One could easily argue that this is just adding an unnecessary and somewhat leaky abstraction. When using rand-functors
, developers need to wrap most computations in calls to fmap
and fmap_rand
. They will also likely need to modify many of their method signatures to consume and produce functors instead of inners. I agree that in our trivial example of next_state
and next_states
, the use of rand_functors
is probably unnecessary. But in larger, more complex random processes, the abstraction demonstrates its usefulness.
This crate’s true value, in my experience using it, is its ability to localize changes. I originally planned on using Sampler
and Enumerator
for my model-based search implementation. However, I realized that my random processes typically resulted in duplicate states, causing the vectors produced by the Enumerator
strategies to grow unnecessarily long. This led me to believe a HashMap
might be better instead. By designing a new Counter
strategy, with a HashMap<I, usize>
as its functor, I was able to test this theory extremely quickly. I swapped Enumerator
for Counter
and ran my benchmarks, confident that each strategy was being run as efficiently as possible. That’s the true power of a zero-cost abstraction.

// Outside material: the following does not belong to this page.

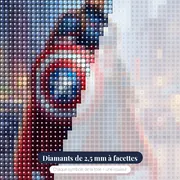 Héros au bouclier étoilé – gros plan des diamants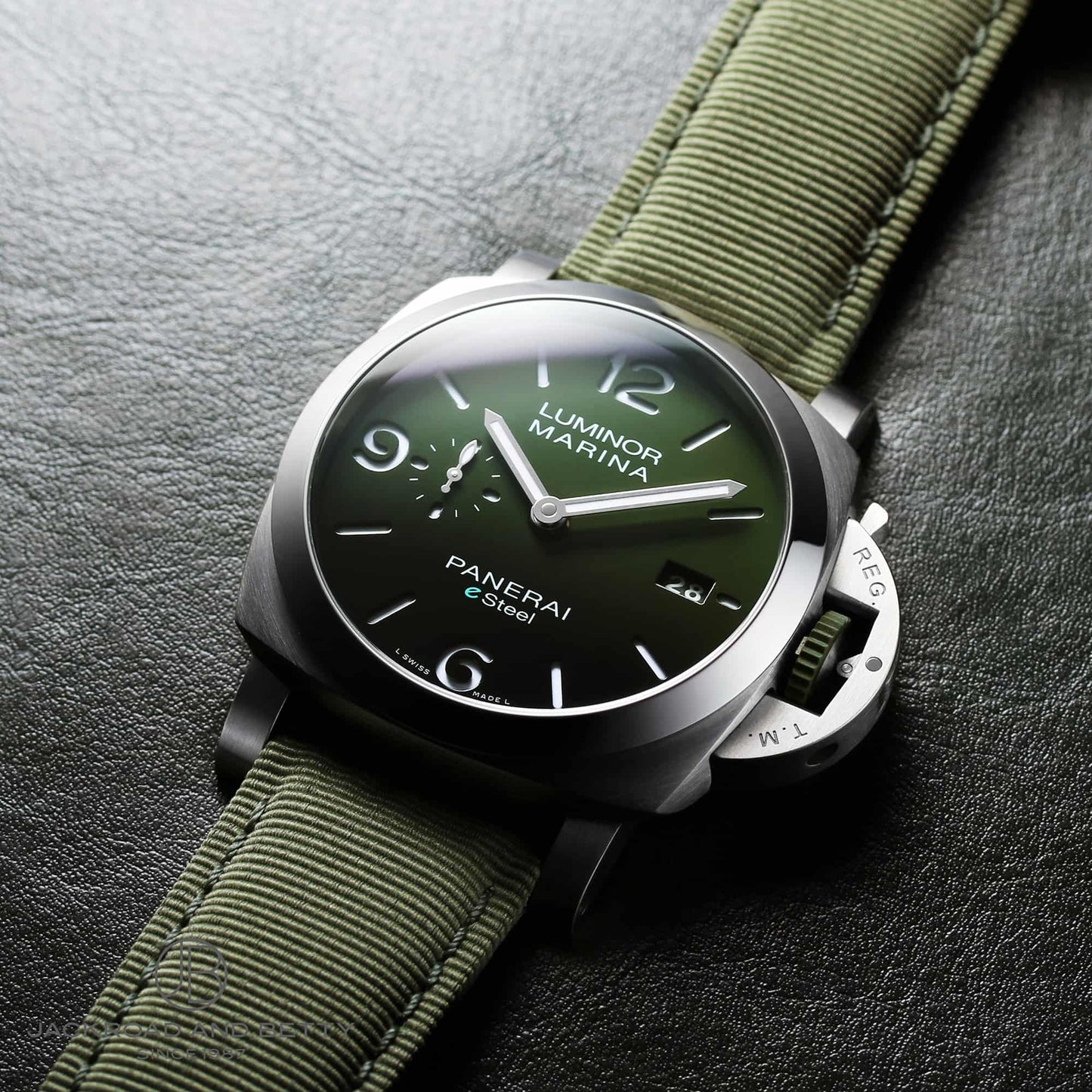 PANERAI パネライ ルミノールマリーナ ESteel ヴェルデ ズメラルド PAM01356 - 浦山時計店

This entire process reinforced my belief in the importance of maintaining knowledge in a broad range of CS fields. Far too often, I see peers of mine in the CS department thumbing their noses at certain courses. I know someone who has taken Artificial Intelligence, Machine Learning and Data Mining, Intelligent Systems, Computer Vision, Natural Language Processing, and Advanced Machine Learning (CPSC 322, 340, 422, 425, 436N, and 440, for any UBC students). However, he categorically ruled out ever taking Programming Languages Theory because he “didn’t see [himself] ever using it.” To each his own, I suppose, but he and I work on quite similar problems and something in that course was rather useful to me.